If we were to make two columns on a chalkboard, one titled "Mr. Frown" and the other "Ms. Smiley Face," the former would undoubtedly contain more tally marks as it pertains to reads on the U.S. consumer. Mr. Frown has countless soft consumer-related data points and dour 2Q11 earnings outlooks (dating back to 1Q11 conference calls) to his credit, while Ms. Smiley Face has holiday 2010, and the majority of 2007, to brag about. Roller coaster trends in monthly retail sales have become the norm in this economic recovery cycle, and is consistent to my boom and bust theory expressed coming into the year.

In such a feast and famine environment, retailers will put up juicy sales numbers in the weeks prior to specific holidays or when promotions are just right. Furthermore, purchases that would be classified as discretionary are done at the time of need, meaning warm weather gear is not bought well in advance.

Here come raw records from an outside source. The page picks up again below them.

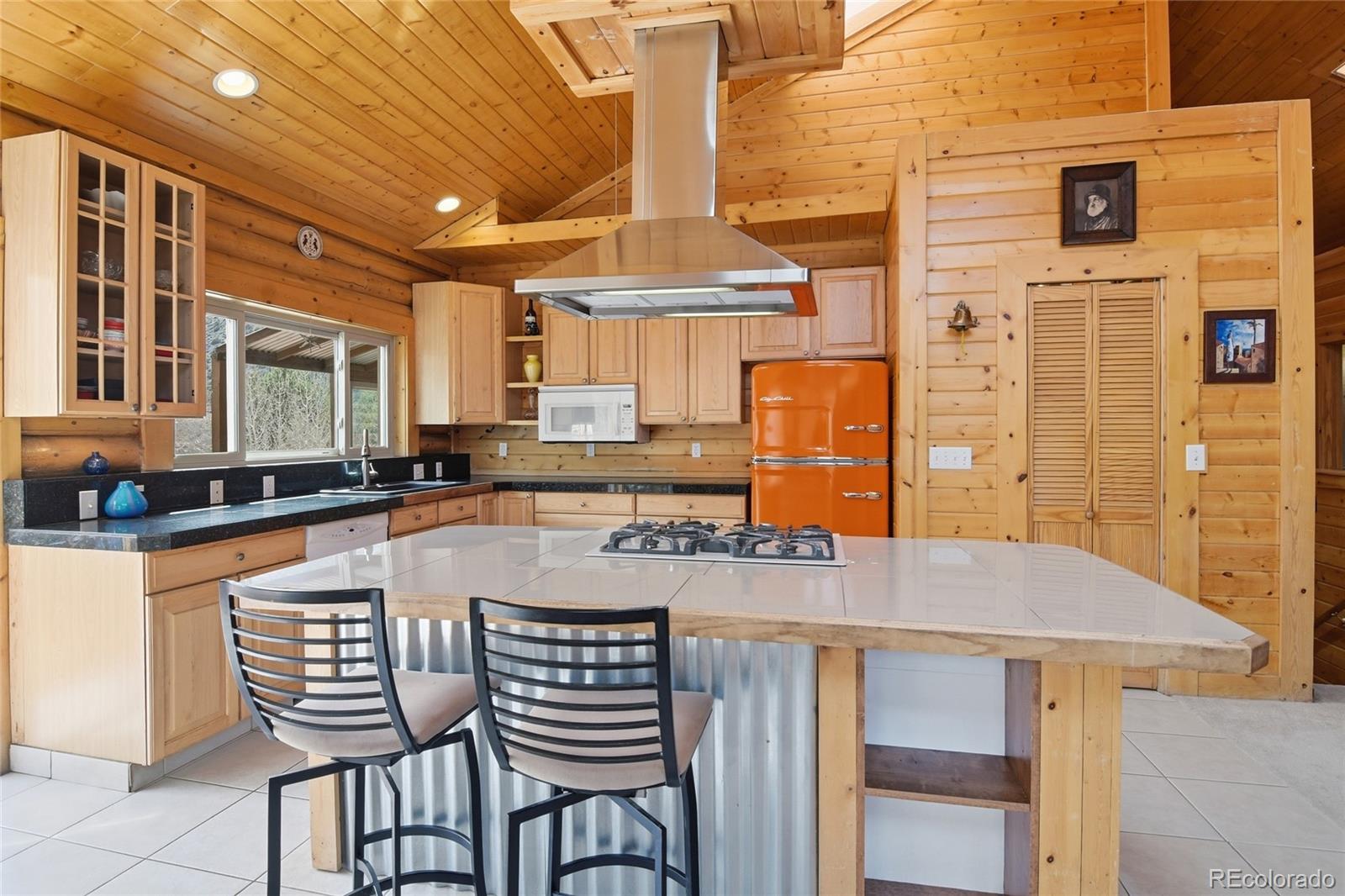 MLS Image #9 for 188 e clear creek drive,empire, Colorado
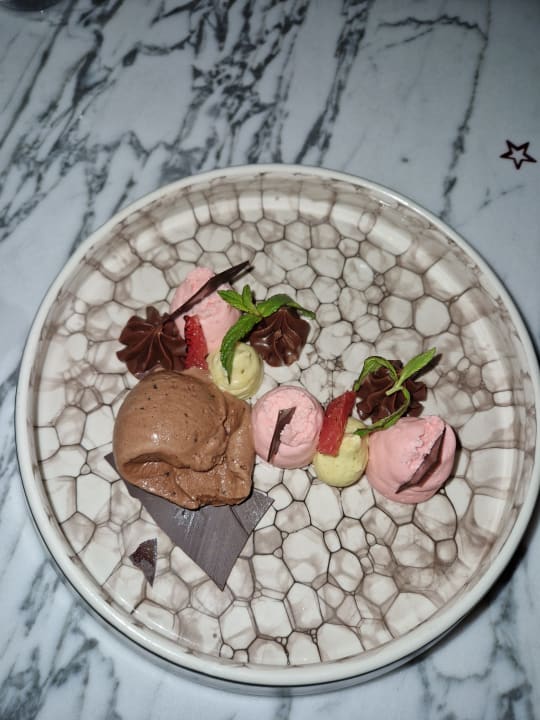 Gastro Acanthus Cennet Barut Collection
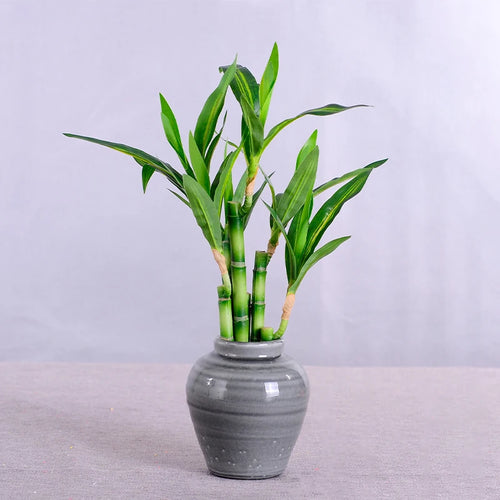 Artificial bamboo plants for indoor and outdoor decoration - vue 7 sur 13
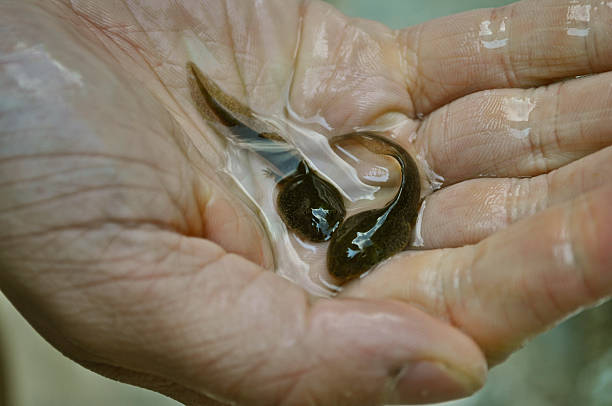 protecção da natureza - tadpole frog human hand young animal imagens e fotografias de stock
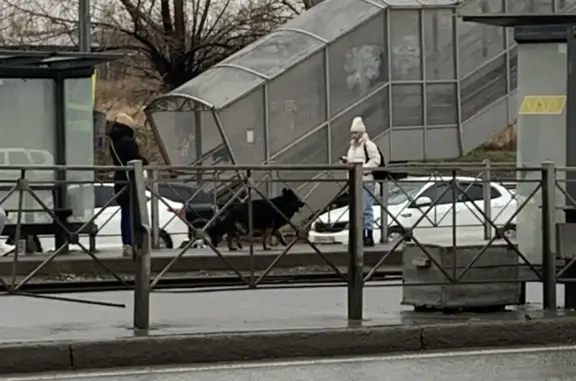 Собака немецкая овчарка, проспект Победы, Казань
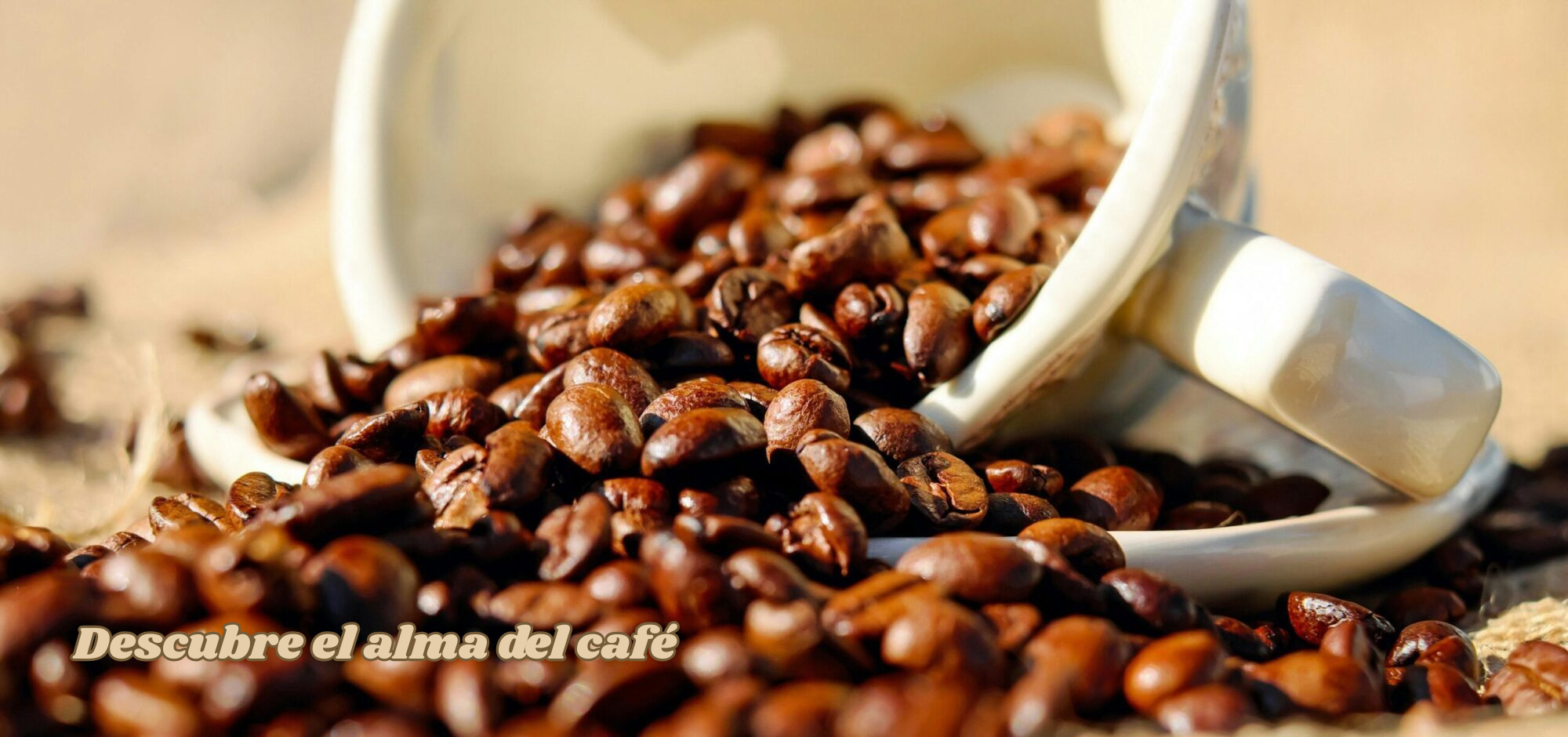 la mejor web de café del mundo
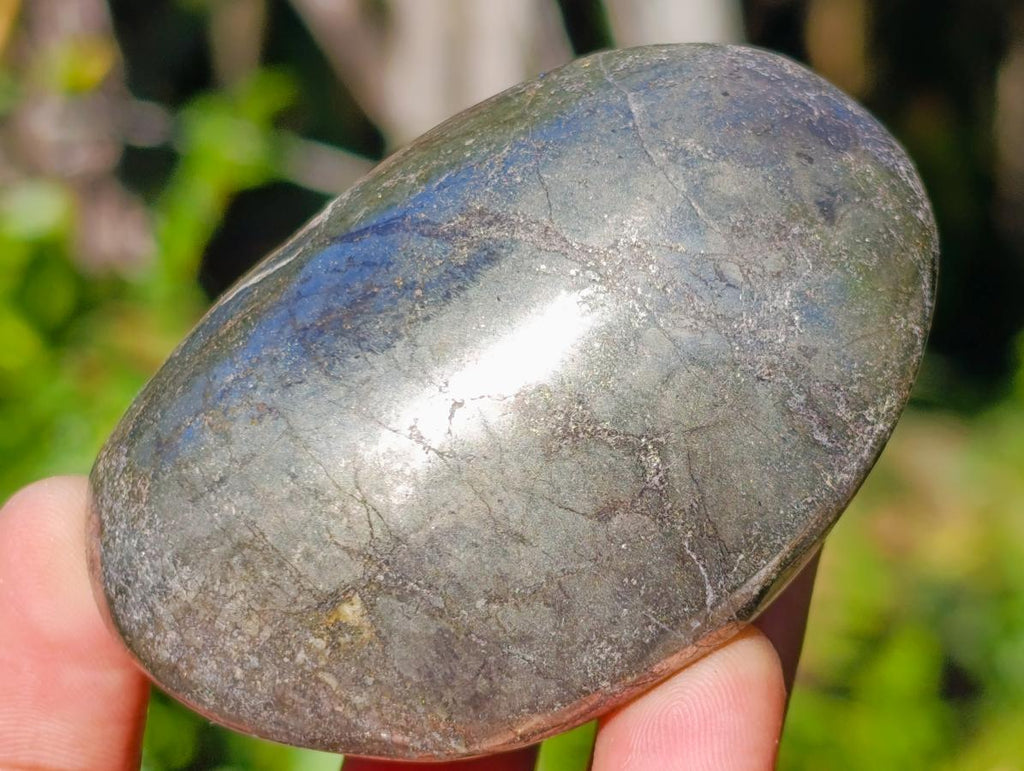 Polished Basalt Pharaoh Stone Galets x 12 From Iron Duke Mine, Zimbabwe - Toprock Gemstones and Minerals 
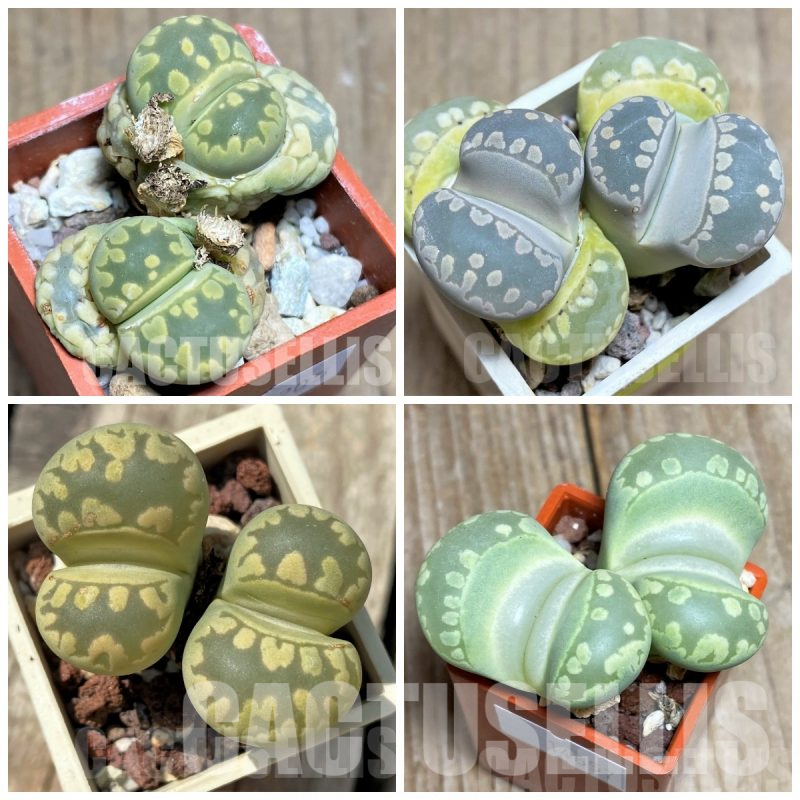 LOT708 50 SEEDS Lithops otzeniana mix 2024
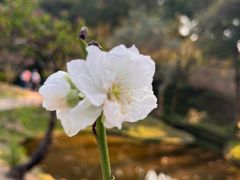 -桃花涧
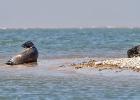 MG 4837-grey seals-blakeney point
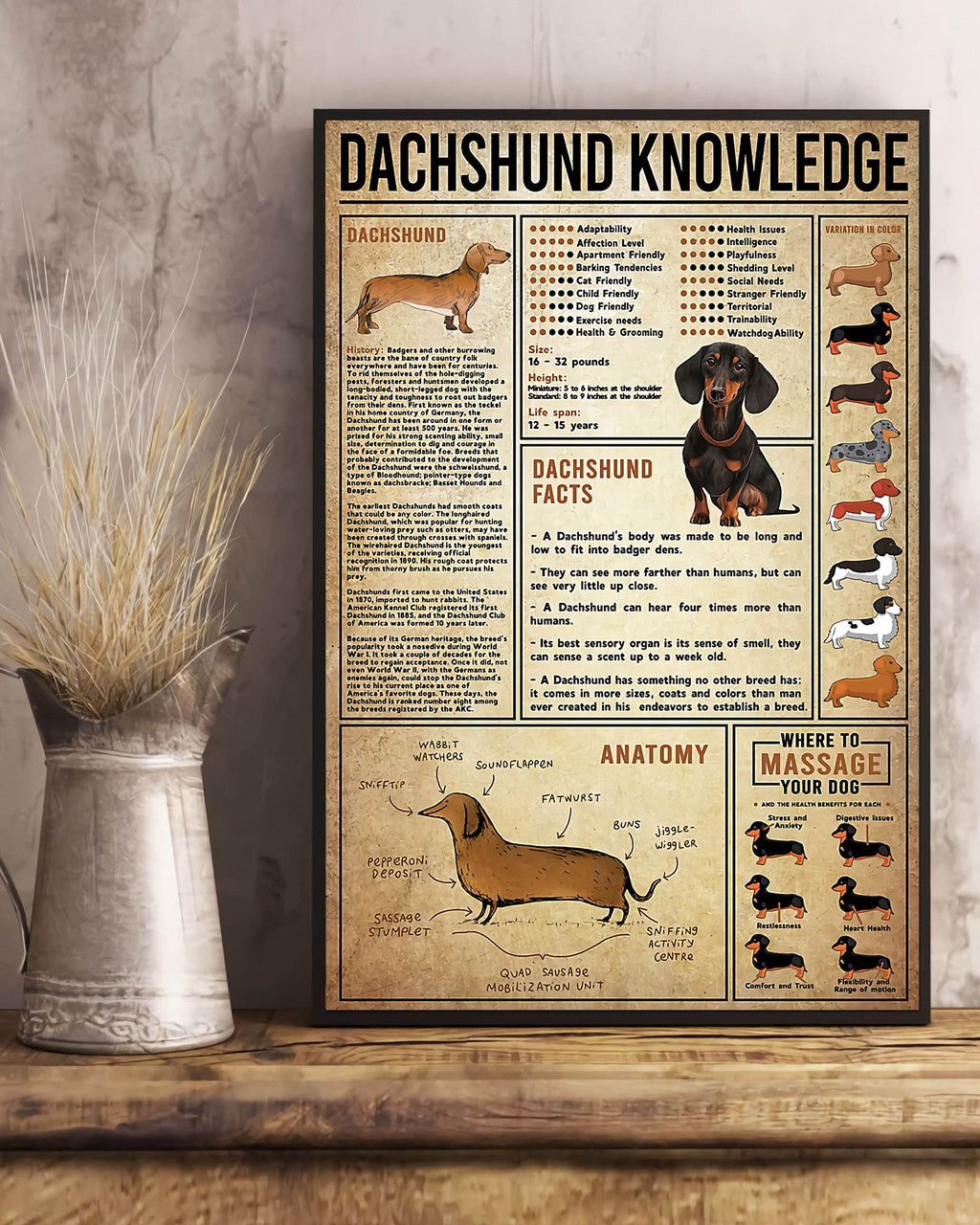 Dachshund Knowledge Facts Anatomy Where To Massage Poster and Canvas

The result of all these crosscurrents in retail is consistent volatility because outside of high income earners, the spending recovery is far from consistent. June, in which 15 of the retailers from the total of 17 I monitor for monthly sales, was a great example of the boom and bust theory. Weather and holidays lured consumers from their bunkers (following a weak May) and promotions sealed the deal. One other explanation for the strength: investment in essentials, either back to school merchandise or consumables, due to the expectation of higher ticket prices down the road.

That being said, I think it's important to mention the plight of the low income consumer. When we hear that wage growth is not keeping pace with inflation it's the sub $50,000 annual income households, and even the "squeezed middle" earning $60,000 to $80,000, that are feeling it disproportionately. The quarterly earnings from Dollar General (DG) and Family Dollar (FDO), and the June sales from Bon-Ton (BONT) and Fred's (FRED) and its earnings warning, shed a floodlight on the weekly spending volatility of households that only dream of buying something at Nordstrom (JWN) and Saks (SKS).

Tour of the Month

  • Mum was the word on 2Q11 earnings for the majority. Fred's warned on 2Q11, and JC Penney (JCP) had a month that implies a shortfall relative to consensus is possible. Macy's (M) took the bull by the horns and once again raised 2Q11 sales guidance (thank you Bloomies and online).
  • Continuing to receive poor reads on furniture sales throughout the department store sector and branded retailers. The commentary is in line to trends I found unfolding in the government retail sales data a couple of months ago.
  • Average transaction value is inflated...by inflation. Consumers are demonstrating that they will pullback on units per transaction.

Investment Strategy

The key word of the day is leverage. Put simply, the June performances were so strong on the top line that the market will reason consensus estimates are justifiably too low. Remember, the concern entering 2Q11 was that weak top lines would expose inflation in transposition, inventory, etc. With better than expected leverage over these inflationary line items at this point in the quarter, and July unlikely to show a significant drop in consumption due to back to school buying, tourism, etc., the short-term thesis in retail that has materialized is that margins will not be at super depressed levels in the quarter, just somewhat depressed. A vital distinction has now been made.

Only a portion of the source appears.